**REQUIRED ACTION:**
Please reproduce the data exactly, excluding any pictures it contains.

**DATASET SECTION:**
##############################

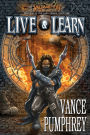 Live & Learn: Defense of the Land Book 1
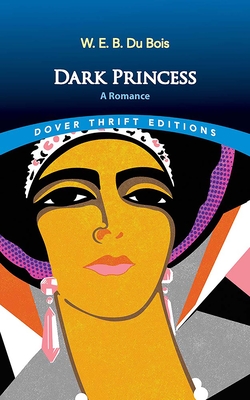 Dark Princess: A Romance - Du Bois, W E B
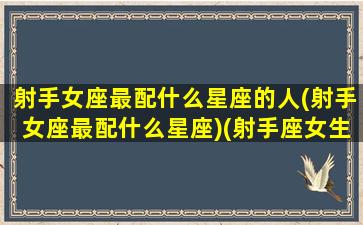 射手女座最配什么星座的人(射手女座最配什么星座)(射手座女生配什么星座女生)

##############################

**ANSWER SECTION:**
 Live & Learn: Defense of the Land Book 1
 Dark Princess: A Romance - Du Bois, W E B
 射手女座最配什么星座的人(射手女座最配什么星座)(射手座女生配什么星座女生)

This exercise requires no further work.